On Thu, 4 Sep 2014 18:20:19 -0600
Stephen John Smoogen <smooge(a)gmail.com> wrote:
So this is my general proposal for per point release.
Problem trying to be solved:
EPEL's original goal around a 5-7 year product has run into issues
where various packages end up having shorter lifetimes than can be
maintained in that period. What happens is that the upstream is
changing the code too massively for any sort of 'back-port' to be
possible. Some software can be 'patched' around by making it parallel
installable but others (say puppet) only work if there is only one
version not just on the system but throughout an entire ecosystem of
systems (thus if you update one, they all have to be updated to the
same version.) While EPEL has a process of saying you can announce a
major change it is severely frowned on and usually ends up with
various users asking 'can you just keep the older version around a
bit longer...' ad infinitum.

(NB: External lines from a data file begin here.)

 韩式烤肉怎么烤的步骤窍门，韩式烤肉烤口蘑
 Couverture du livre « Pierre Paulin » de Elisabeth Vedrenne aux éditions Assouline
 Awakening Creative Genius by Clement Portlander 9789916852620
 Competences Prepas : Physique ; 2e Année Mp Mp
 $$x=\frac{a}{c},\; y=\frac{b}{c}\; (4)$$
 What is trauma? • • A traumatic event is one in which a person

Another problem is that it isn't clear
how much notice is needed for a change to be made or what changes are
being made so that users and package owners end up confused and upset
with each other.
Possible solution:
Make it so that updates to these sorts of packages occur at regular
intervals. There are three cycles these could occur: regular date
driven (July 1st of every year for example), the Fedora release cycle
(Fedora 22 has been released, you can update now), and the Red Hat
Enterprise release cycle (RHEL-6.6 is out, you can release now). Each
of these cycles has their bonuses and minuses but I think that
connecting to the RHEL cycle will be more in line with what
downstream users of EPEL are going to be more in sync with.

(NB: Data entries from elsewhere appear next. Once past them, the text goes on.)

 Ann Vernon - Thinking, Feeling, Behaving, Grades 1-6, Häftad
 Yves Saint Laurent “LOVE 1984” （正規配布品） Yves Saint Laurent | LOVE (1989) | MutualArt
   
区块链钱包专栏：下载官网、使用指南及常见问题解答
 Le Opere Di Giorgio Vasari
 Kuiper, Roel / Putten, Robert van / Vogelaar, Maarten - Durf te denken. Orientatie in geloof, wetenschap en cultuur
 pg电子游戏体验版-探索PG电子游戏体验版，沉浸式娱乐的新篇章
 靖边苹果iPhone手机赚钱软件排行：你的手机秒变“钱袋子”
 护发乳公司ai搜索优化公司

ok, so to be clear this is a change in the existing EPEL repo(s)?
Or is this new seperate repos?
Proposed implementation:
Every Red Hat Enterprise Dot Release has a beta period and then a
release period. After the release period there is a couple of weeks
until a CentOS release is available. Since only the betas and CentOS
release are generally available to any person off the street I am
looking at those being 'action points' where the dot release period
would be done. When a RHEL beta dot release (example RHEL-6.6 beta)

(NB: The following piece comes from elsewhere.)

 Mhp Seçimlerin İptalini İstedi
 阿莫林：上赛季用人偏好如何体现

is announced, EPEL.dot would say that packages to be updated in the
next release are going to be accepted into EPEL-dot-testing. Package
owners who are needing or wanting to make major changes in their EPEL
package sets would target builds to that channel. People can test as
needed or at least be aware where they could have tested. Sometime
after the next dot release, CentOS releases their latest 'this is the
state of CentOS build' which anyone needing to test latest builds can
get. This acts as a marker for when EPEL.dot will 'release' its next
tree which would be 1 month after the CentOS GA.
The problem with that IMHO is that a month after people have updated,
they have forgotten about this, and get surprised when a chud of
incompatible changes land. ;(
If this is a seperate repo they opt into, we could try and manage
expectations for that tho.
During that time,
everything is rebuilt against the latest RHEL (to find any FTBS or
ooops they dropped libmuffin and I needed it) and at the end of the
month EPEL-6.7 is put out and EPEL-6.6 is set to be sent to archives
after an appropriate time. Like CentOS, EPEL-6 -> EPEL-6.6 and then
EPEL-6.7.
In the case of last planned release (RHEL-5.12?), a different
mechanism could be used for when updates occur if there is enough
people willing to do the work. Otherwise packages go into that tree
until EPEL ends building for it.
Note only one tree is being built against. If someone wants to 'keep'
EPEL-6.5 running, they can grab the src.rpms from archives and do it
themselves on their own hardware.. EPEL only deals with RHEL current.
Have I made this clearer or muddier?